Preserve Text Wrapping & Gap between Table Borders during DOCX to PDF Conversion using C# .NET API

Hi,

When converting a DOCX with some tables to PDF. I noticed the borders became different and some one line rows became two lines.

Code:
var doc = new Document(@".\test14.docx");
doc.Save(@".\test14.pdf");

I’ve attached the test files and a screenshot for your reference. Could you please take a look?

image.png (150.4 KB)
test14.zip (162.2 KB)

Thanks,

@ServerSide527,

We tested the scenarios and have managed to reproduce the same problems on our end. For the sake of corrections, we have logged the following issues in our issue tracking system.

WORDSNET-19471: related to gap between table borders missing in PDF
WORDSNET-19477: related to incorrect text wrapping in PDF

We will further look into the details of these issues and will keep you updated on the status of corrections. We apologize for your inconvenience.

@ServerSide527,

Regarding WORDSNET-19477, we have completed the work on your issue and concluded to close this issue as Not a Bug. Please see the following analysis details:

This Word document has the Kerning feature enabled. Aspose.Words can correctly render such documents only with the help of the HarfBuzz shaping engine. This requires installing the Aspose.Words.Shaping.Harfbuzz nuget package and adding an extra line of code:

var doc = new Document(@".\test14.docx");
doc.LayoutOptions.TextShaperFactory = Aspose.Words.Shaping.HarfBuzz.HarfBuzzTextShaperFactory.Instance;
doc.Save(@".\test14.pdf");

To learn more about OpenType features, please refer to the following article:
How to Use OpenType Features

Hi,

Thanks for your reply. I have tried the new library and it seemed to work on issue WORDSNET-19477, no new lines were created.

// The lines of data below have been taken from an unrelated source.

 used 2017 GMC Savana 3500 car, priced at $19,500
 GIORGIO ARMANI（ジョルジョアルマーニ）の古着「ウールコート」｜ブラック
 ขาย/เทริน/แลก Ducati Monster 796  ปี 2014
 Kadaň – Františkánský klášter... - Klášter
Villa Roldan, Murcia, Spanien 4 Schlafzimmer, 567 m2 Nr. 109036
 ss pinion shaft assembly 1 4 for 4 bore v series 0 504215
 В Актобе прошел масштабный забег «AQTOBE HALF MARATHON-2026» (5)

However, in the ticket status in this post, I saw WORDSNET-19471 (related to gap between table borders missing in PDF) was closed and not fixed, while WORDSNET-19477 is still open.

According to the comment in Preserve Text Wrapping & Gap between Table Borders during DOCX to PDF Conversion using C# .NET API - #2 by awais.hafeez it should be the other way around.

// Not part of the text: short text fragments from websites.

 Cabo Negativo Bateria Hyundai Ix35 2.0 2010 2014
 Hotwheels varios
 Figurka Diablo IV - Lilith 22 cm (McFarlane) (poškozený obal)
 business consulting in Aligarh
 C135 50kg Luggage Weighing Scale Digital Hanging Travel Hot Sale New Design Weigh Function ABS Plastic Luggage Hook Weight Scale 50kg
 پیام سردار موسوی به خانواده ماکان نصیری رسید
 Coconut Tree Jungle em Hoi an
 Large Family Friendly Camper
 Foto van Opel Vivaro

Could you help me check if the status of the ticket was incorrect?

Thanks,

@ServerSide527,

The issue of “Gap between Table Borders missing in PDF” (WORDSNET-19471) is now fixed and the fix will be included in the next version of Aspose.Words i.e. 19.12. We will inform you via this thread as soon as Aspose.Words 19.12 containing the fix of your issue will be released at the start of next month.

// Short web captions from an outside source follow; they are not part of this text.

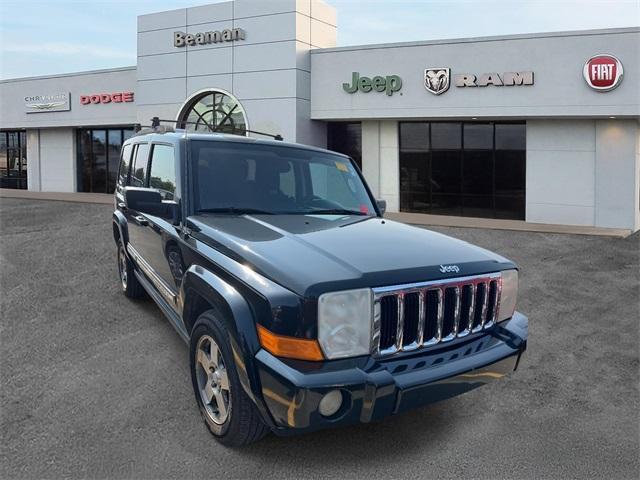 used 2010 Jeep Commander car, priced at $4,571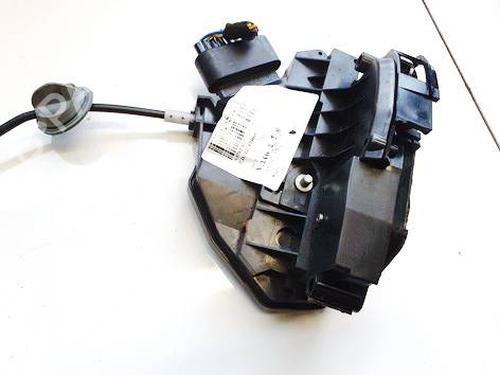 Used Front right lock Front right lock 35064671 35064671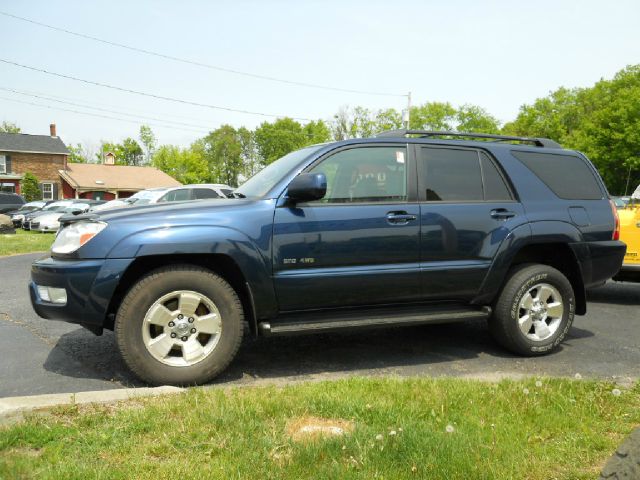 2005 Toyota 4Runner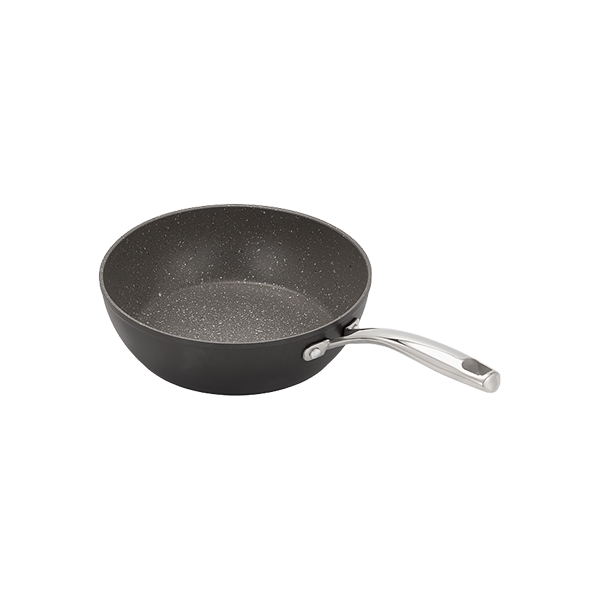 Stellar Rocktanium Saute Pan 24cm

Thanks for your further input/feedback on this topic. We will close WORDSNET-19477 with “Not a Bug” status. Please use the workaround mentioned here.

Thank you.

I have read the article but could you give me a bit more technical details on how HarfBuzz operates with Aspose, since it is quite external?

I saw in the article that it was used for OpenType fonts but here the font involved was TrueType (Arial). Could you let me know why it still made a difference with the library?

Could you also let me know where else the library might make an impact and is there any known limitation / regression if I used this library?

Thanks,

@ServerSide527,

We have logged your questions/concerns in our issue tracking system and will keep you posted on further updates.

Hi,

Could we have any update on the previous question in Preserve Text Wrapping & Gap between Table Borders during DOCX to PDF Conversion using C# .NET API - #6 by ServerSide527 ?

We’d like to be aware of the possible positive or negative impact of introducing the library for all our PDF rendering (since we can’t know when we should use it or not for different documents, we will have to turn it on for all kinds of documents).

Thanks,

@ServerSide527,

Thanks for your inquiry. I am afraid, we do not have any further update on this topic yet. But, we have logged your concerns in our issue tracking system and will keep you posted on further updates. We apologize for the delay.

@ServerSide527,

If you have documents with such features as Kerning, number forms or have documents with complex scripts such as Arabic, Thai, Hindi and many others, the only option to get correct rendering to PDF is to use the HarfBuzz library. Using this library will probably affect performance slightly. However, this library is written in C, so it should work very fast. Also it is used in many Linux distributions nowadays, so we do not expect any serious issues with this library.

Regarding your other questions about relations between OpenType and TrueType fonts, we would suggest you please read these articles to get better understanding:

The issues you have found earlier (filed as WORDSNET-19471) have been fixed in this Aspose.Words for .NET 19.12 update and this Aspose.Words for Java 19.12 update.